Microsoft's idea for a new Surface Book leaves MacBook Pro looking dull

Microsoft's new Surface could adopt a very different screen hinge design, with newly-spotted patents suggesting the company is flirting with an iPad Pro-style floating hinge. Currently, the Surface Book has a detachable screen – which pulls away from the keyboard to form a standalone tablet – while the Surface Laptop adopts a more traditional notebook form-factor.

Then there's the Surface Pro, which is a tablet with a kickstand on the rear. It can be docked into a magnetically attached keyboard for easier text entry.

Microsoft's well-praised industrial design has avoided any major changes over the Surface range's lifespan, from the earliest shock at the Surface Book's trick detachable screen. Since then, we've seen processor and graphics updates, among other things, but no dramatic aesthetic modifications. According to a new patent, though, that time may be at hand.
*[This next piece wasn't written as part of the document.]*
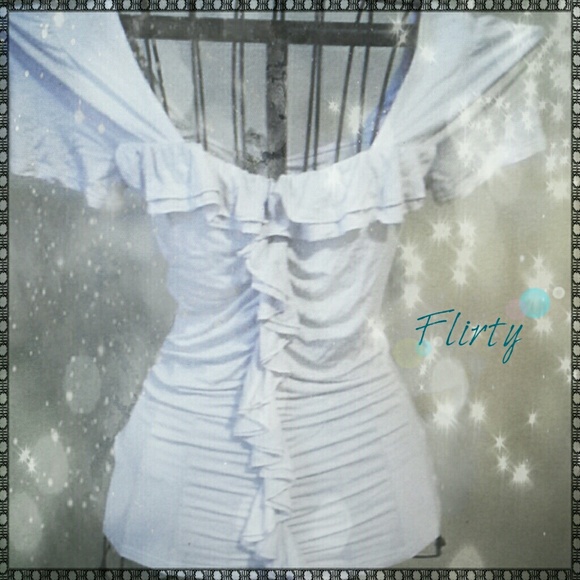 ING Ruffle Top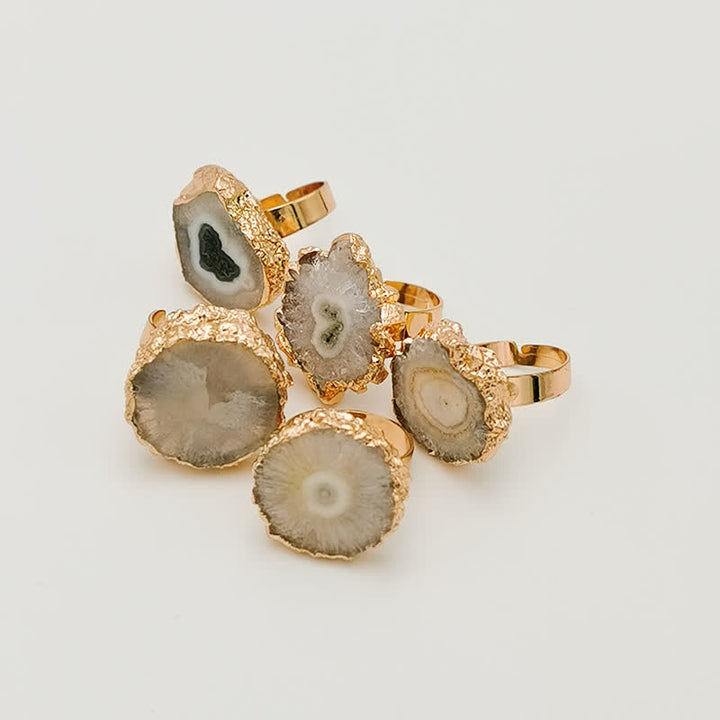 Anillo ajustable con piedras preciosas de girasol y cristal natural de Olivenorma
The filing, "Computing Device Hinges," was published by the World Intellectual Property Organization on July 22. Spotted by WindowsUnited, it details a more complex hinge mechanism that could elevate the display above the base section. It would also allow that display to be pulled forward, closer to the user, making touchscreen and stylus use more straightforward.

It's reminiscent, certainly, of the iPad Pro's Magic Keyboard. That has a keyboard and trackpad, but also lifts Apple's tablet above it so that it's at a more ergonomically comfortable position.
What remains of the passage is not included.